A otros,  les ofrecen el rescate de una quiebra,  de una deuda,  o redimirlos  de pobrezas insoportables. Extienden una mano redentora que, a partir del  momento en que la toman, pierden el libre albedrio. Dejaran detrás el agobio económico, pero pierden la vergüenza. 
Es un ritual antiguo,  arte de  maipiolos prestos a retozar   entre debilidades, ambiciones y dinero. Serpientes de paraísos efímeros.  Conquistadores de   putos y menos putos, al decir de mi amigo.  Ahora bien, la verdad sea dicha, también abundan aquellos que entregan la virtud sin necesitar rufianes. Se ofrecen antes de que se les ofrezca.
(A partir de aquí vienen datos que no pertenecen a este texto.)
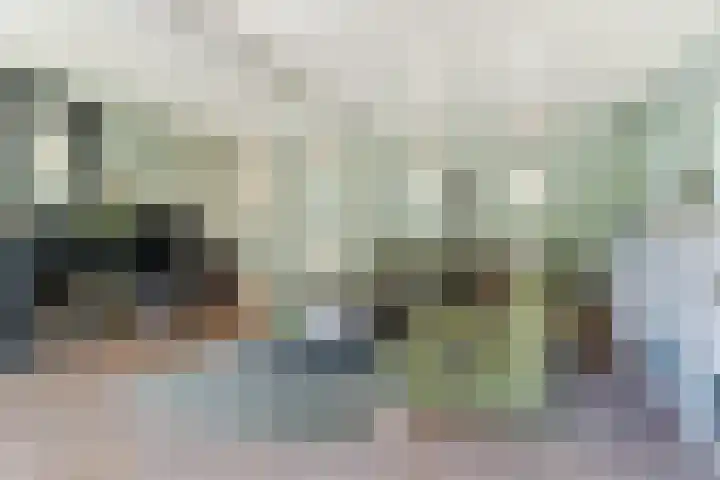 Korn 36 Dussen thumbnail 6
El tiempo de la conversación resultó breve, privándome de  escuchar  su opinión sobre el precio de cada cual, la tasación: un cheque fijo, una vivienda, pago en efectivo, contratos,  cargos grande o pequeños, un “no ha lugar”.  A ese valor,  supongo yo, se llega  después de un regateo, como en esas abarrotadas tiendas de la avenida Duarte.
Tampoco  dio  tiempo para entrar en el  capítulo de la  duración de   lealtades, ni al por qué  a unos se concede  el privilegio de darle la mano al Jefe y a otros no. Quedarán esos dos temas  para otra sobremesa cafeinada.
Creo que mi cotización en la bolsa de lealtades es  bajita, equivalente a un viceconsulado en Tombuctú, y no perderían el tiempo conmigo. Pero mi  agudo cachanchán  vale mucho, tanto como un ministerio con pensión y consultorías variadas, o un par de suculentas contratas. 
Espero que lo tienten. Así podrá contarme  de primera mano minucias de esa compra y venta. Sé que no es de los que se venden, aunque  seguro  disfrutará  la experiencia, y la oportunidad de mentarle la madreal correveidile que le manden a chulearlo.